00:15:21.440 One solution is to create multiple reporter instances responsible for aggregating information, yielding back information about each run to an aggregator. This approach allows us to aggregate information without relying on class variables, ensuring we still collect all relevant data.
00:15:54.240 It is important to aggregate values that Ractors yield until there is no information missing, and this method allows running tests parallelized in Ractors without issues. Our framework is available on GitHub under the name 'Loop', where you can explore its features.
00:16:14.560 Moving on to a demonstration, Loop can run our tests in both process mode and Ractor mode. In process mode, there is a noticeable delay caused by forking separate Ruby processes, which is absent in Ractor mode.
00:16:45.840 In addition to running the tests, I will highlight the interactive reporter Loop provides. When run in interactive mode, we get paginated results detailing failures. This allows for cycling through failures, viewing highlighted files, and accessing specific errors in our favorite text editor.
00:17:09.920 Once we fix a failure, we can mark it as successful.
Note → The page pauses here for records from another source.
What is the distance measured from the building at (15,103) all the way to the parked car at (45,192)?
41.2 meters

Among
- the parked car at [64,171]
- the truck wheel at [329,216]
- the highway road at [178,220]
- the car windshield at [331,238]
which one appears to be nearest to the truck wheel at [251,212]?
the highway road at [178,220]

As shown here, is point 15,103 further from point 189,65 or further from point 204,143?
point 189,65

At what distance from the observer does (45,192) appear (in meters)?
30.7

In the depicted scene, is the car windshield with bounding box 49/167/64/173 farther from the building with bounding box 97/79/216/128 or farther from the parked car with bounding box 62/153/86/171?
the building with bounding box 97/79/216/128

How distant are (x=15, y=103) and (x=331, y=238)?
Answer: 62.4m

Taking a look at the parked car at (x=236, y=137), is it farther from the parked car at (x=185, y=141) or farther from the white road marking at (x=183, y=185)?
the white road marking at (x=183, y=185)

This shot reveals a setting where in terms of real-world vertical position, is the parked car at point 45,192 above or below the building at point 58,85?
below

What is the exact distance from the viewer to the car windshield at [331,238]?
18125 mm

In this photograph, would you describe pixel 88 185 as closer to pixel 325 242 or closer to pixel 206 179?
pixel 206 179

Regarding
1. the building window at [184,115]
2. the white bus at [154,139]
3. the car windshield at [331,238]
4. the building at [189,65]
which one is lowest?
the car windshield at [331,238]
Having both process and Ractor modes available allows for measuring and comparing performance across various test scenarios.
00:17:39.040 As we benchmark the two modes while increasing the number of tests, we observe that although process mode incurs an initial delay due to forking, the difference in performance lessens as the number of tests increases because most time is spent executing application code rather than within the testing framework.
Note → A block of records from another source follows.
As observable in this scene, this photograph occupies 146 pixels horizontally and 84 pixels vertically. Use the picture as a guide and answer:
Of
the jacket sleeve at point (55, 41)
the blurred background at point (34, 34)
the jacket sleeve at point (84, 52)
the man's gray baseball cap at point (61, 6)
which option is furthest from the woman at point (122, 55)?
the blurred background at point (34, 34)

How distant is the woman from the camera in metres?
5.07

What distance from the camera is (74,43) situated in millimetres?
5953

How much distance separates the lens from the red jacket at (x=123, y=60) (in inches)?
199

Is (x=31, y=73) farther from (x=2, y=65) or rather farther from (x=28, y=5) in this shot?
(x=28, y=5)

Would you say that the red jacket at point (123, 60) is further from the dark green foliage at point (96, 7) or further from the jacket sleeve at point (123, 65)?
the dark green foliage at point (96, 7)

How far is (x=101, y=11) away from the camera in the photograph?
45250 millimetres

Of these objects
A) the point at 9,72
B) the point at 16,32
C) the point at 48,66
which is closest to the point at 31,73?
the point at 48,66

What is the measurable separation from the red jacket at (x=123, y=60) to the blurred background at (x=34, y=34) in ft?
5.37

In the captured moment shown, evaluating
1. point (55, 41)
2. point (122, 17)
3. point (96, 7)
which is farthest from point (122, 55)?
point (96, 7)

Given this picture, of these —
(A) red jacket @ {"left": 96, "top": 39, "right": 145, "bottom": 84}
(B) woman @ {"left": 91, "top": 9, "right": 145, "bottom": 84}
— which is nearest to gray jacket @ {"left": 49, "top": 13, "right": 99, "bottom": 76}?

00:18:16.640 However, our framework does have some limitations. For example, broad usage of class variables is restricted since child Ractors do not have access to them. This means we can only utilize them within the main Ractor, and we also cannot widely use dynamic methods or any form of meta-programming across other Ractors.
00:19:10.080 In addition, the code being tested must be Ractor compatible in order to execute within Ractor mode. Even though we identify several limitations, it’s essential to note that Ractors are still considered experimental and will continue to evolve.
00:19:35.680 Developer tools present a valuable opportunity to test Ractors since they do not operate in high-risk environments, allowing for experimentation to find problems, provide feedback, and ultimately contribute to the future of Ruby parallelism.
00:20:12.640 Thank you for listening, and I hope you enjoy the rest of the conference.